Podcasts

National Security Law Podcast: Pardon Me?

By Robert Chesney, Steve Vladeck
Wednesday, June 6, 2018, 12:08 PM

Hello friends, and welcome back to the latest episode! Last week was a bit quiet, but things are heating up. This week we review and debate:

  1. War Powers: This week saw the release of the Office of Legal Counsel’s memorandum on the U.S. airstrikes on Syrian military targets in April 2018. We explain what issue it addressed, situate it in context with earlier war power debates, and wrestle over the questions it raises (including, especially, what role if any U.N. Charter issues should or do play in relation to this constitutional question).
  2. Doe v. Mattis (of course): A surprising incident involving the accidental monitoring of a phone call between Doe and his lawyers in New York came to light last week. Is it an example of a well-functioning system dealing with a good-faith accident, or a sign of trouble?
  3. Military Commissions: We have a quick note on an attempt by al-Baluchi to get the D.C. Circuit to intervene on an issue relating to evidence preservation (now that the CMCR has turned up inquorate), and we have a CMCR-related Dalmazzi update accounting for a curious government filing before SCOTUS in response to Steve’s letter pointing out that one of the CMCR judges has retired from the military yet apparently still serves on the CMCR in a distinct, civilian capacity.
  4. The ECHR and CIA Black Sites: A fresh pair of decisions by the European Court of Human Rights condemning member states for allowing the CIA to operate black sites in their territory.
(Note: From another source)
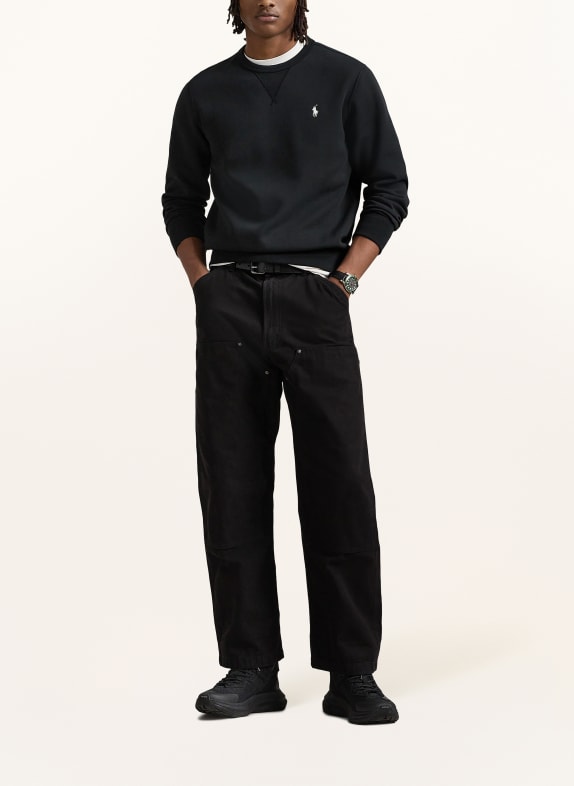 POLO RALPH LAUREN Mikina ČERNÁ / BÍLÁ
Don’t expect any ECHR member state to cooperate on that front, or anything akin to it, in the future…
  5. The Army Court of Criminal Appeals has denied Chelsea Manning’s appeal challenging convictions on CFAA, Espionage Act, and other charges.
  6. The federal district court in D.C. has dismissed all claims by Kaspersky arising out of the DHS binding operational directive and the NDAA provision, both banning Kaspersky from government systems. Fun to have an occasion to discuss bills of attainder!
  7. We’ve got a series of Justice Department counterterrorism successes to note (all of them involving spies ... I mean, confidential informants).
  8. Trumplandia: Another hot week in Trumplandia, as Team Trump leaks advocacy letters insisting that the president cannot obstruct justice, that one (of two) obstruction states does not apply as to the FBI, and that POTUS can pardon himself. Paul Manafort jumps in with some supremely ill-advised witness tampering, just for kicks.

As for frivolity: Instead of Weird Al, we bring you a review of … Paul Simon???